╭──

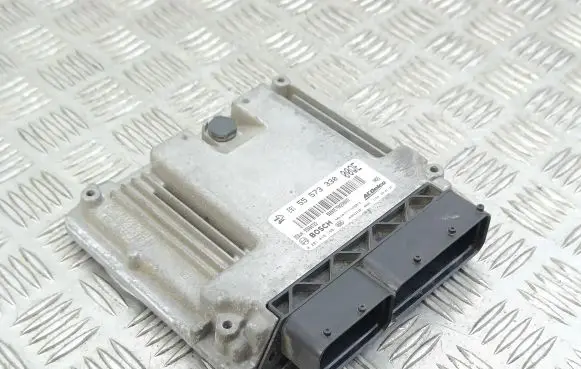 Opel Insignia A Engine control unit/module 55573330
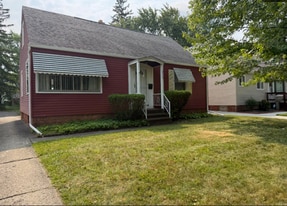 Building Photo - 3775 W 210th St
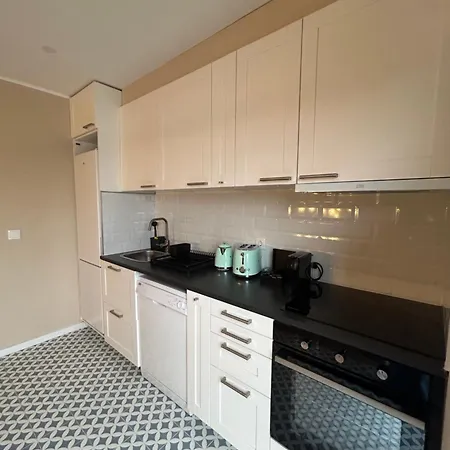 Near Family - Free Parking Apartment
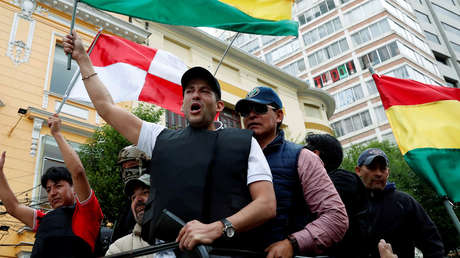 ¿Quién es Luis Fernando Camacho, el hombre que encabeza el golpe de Estado en Bolivia y que promete que 'Dios volverá al Palacio'?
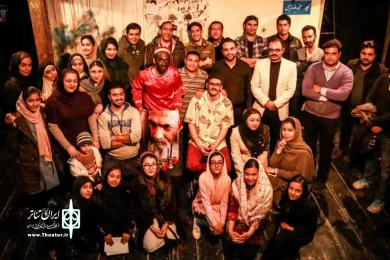 نمایش پشت کلانتری کوچه اول کنار تیر چراغ برق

╰──

TASK STATEMENT: Every entry above should be written out again verbatim, with no pictures included.

ANSWER SPACE:
 Opel Insignia A Engine control unit/module 55573330
 Building Photo - 3775 W 210th St
 Near Family - Free Parking Apartment
 ¿Quién es Luis Fernando Camacho, el hombre que encabeza el golpe de Estado en Bolivia y que promete que 'Dios volverá al Palacio'?
 نمایش پشت کلانتری کوچه اول کنار تیر چراغ برق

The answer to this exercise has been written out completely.